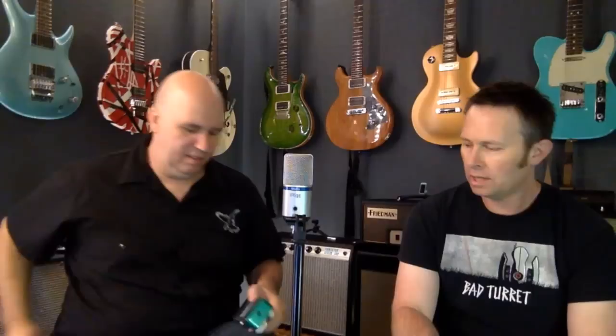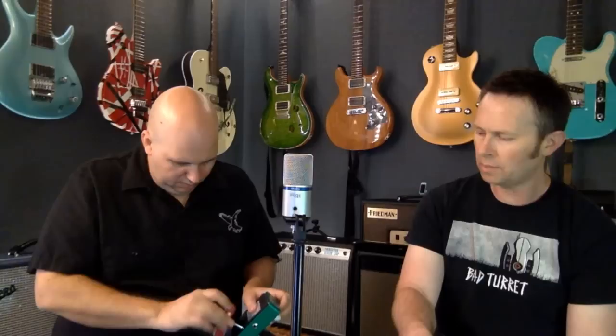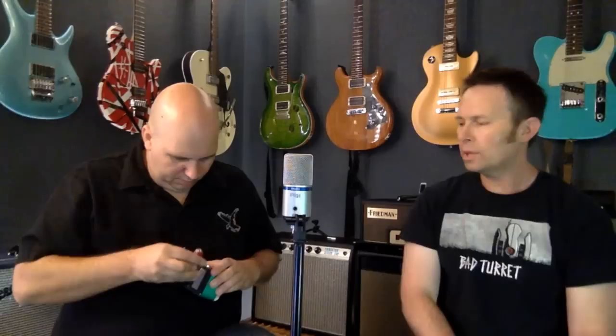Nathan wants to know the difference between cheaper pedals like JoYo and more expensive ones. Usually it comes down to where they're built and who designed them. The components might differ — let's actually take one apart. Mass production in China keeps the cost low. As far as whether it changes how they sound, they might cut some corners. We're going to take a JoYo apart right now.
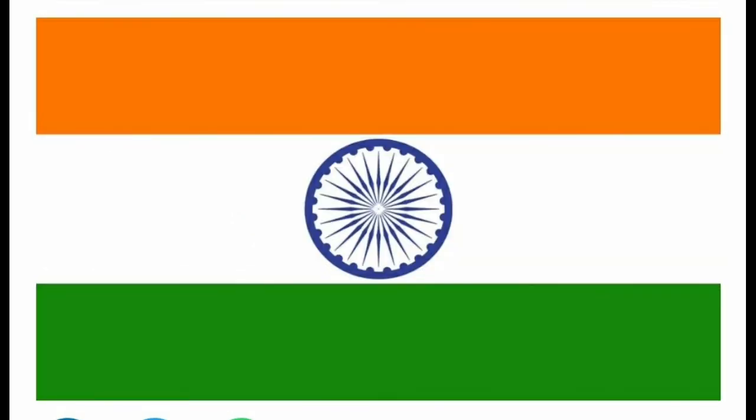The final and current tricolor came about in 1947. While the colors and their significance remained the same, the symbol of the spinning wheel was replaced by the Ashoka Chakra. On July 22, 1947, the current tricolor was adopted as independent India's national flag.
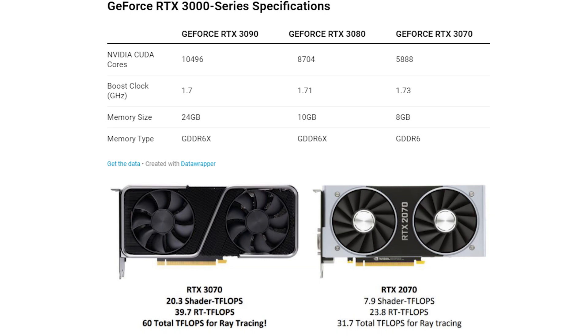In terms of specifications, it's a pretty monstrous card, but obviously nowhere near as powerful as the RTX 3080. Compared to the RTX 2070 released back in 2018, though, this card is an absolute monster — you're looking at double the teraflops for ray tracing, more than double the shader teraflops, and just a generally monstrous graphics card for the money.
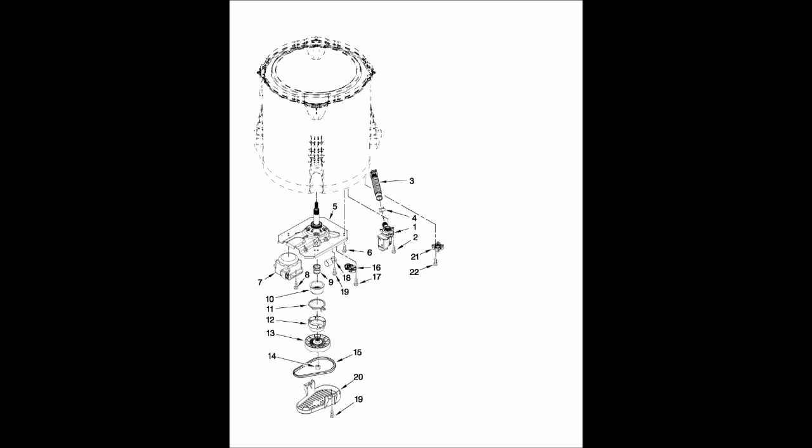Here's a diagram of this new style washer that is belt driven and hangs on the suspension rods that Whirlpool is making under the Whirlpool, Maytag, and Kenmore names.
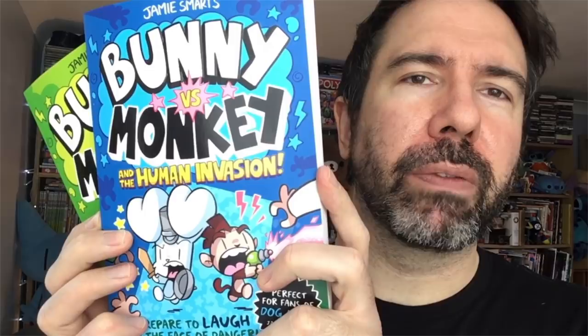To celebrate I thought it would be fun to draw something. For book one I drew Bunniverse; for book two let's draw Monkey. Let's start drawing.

****************

• [Task description] What you print must be exactly the lines from the one containing "In terms of" through the last line of the material, and no pictures.

• [Result of this task]
In terms of specifications, it's a pretty monstrous card, but obviously nowhere near as powerful as the RTX 3080. Compared to the RTX 2070 released back in 2018, though, this card is an absolute monster — you're looking at double the teraflops for ray tracing, more than double the shader teraflops, and just a generally monstrous graphics card for the money.
Here's a diagram of this new style washer that is belt driven and hangs on the suspension rods that Whirlpool is making under the Whirlpool, Maytag, and Kenmore names.
To celebrate I thought it would be fun to draw something. For book one I drew Bunniverse; for book two let's draw Monkey. Let's start drawing.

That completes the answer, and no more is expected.